PROBLEM REQUIREMENTS:
Within the entries below, the lines from the one with "a tall glass" through the one with "a lot of comic books on the table together" are to be set down exactly, both ends kept.

PROVIDED DATA:
----

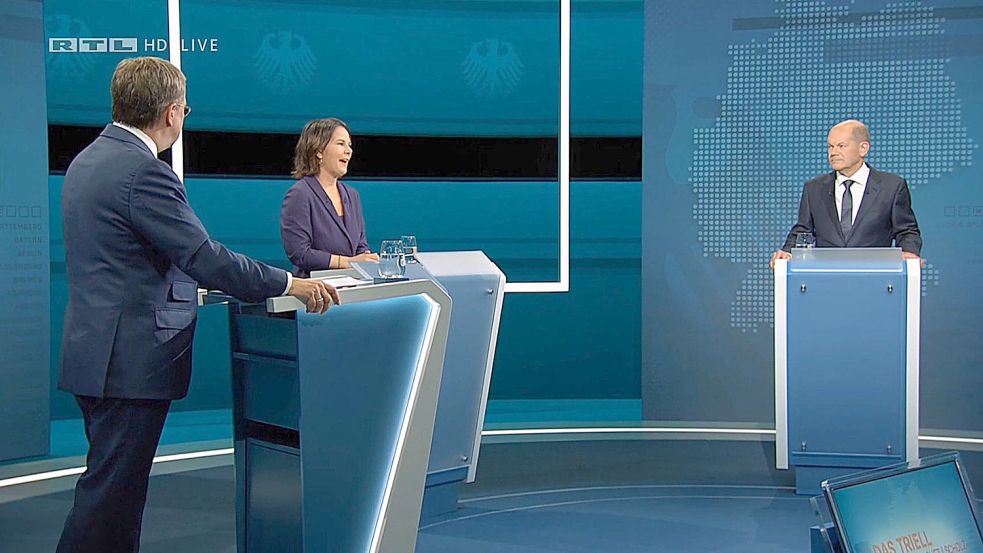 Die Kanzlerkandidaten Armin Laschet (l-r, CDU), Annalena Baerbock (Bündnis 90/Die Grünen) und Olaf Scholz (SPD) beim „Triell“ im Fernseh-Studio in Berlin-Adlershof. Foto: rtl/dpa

----

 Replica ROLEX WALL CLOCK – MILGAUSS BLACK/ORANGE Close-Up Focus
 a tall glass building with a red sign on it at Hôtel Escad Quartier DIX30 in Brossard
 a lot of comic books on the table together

----

RESPONSE TO THE TASK:
 a tall glass building with a red sign on it at Hôtel Escad Quartier DIX30 in Brossard
 a lot of comic books on the table together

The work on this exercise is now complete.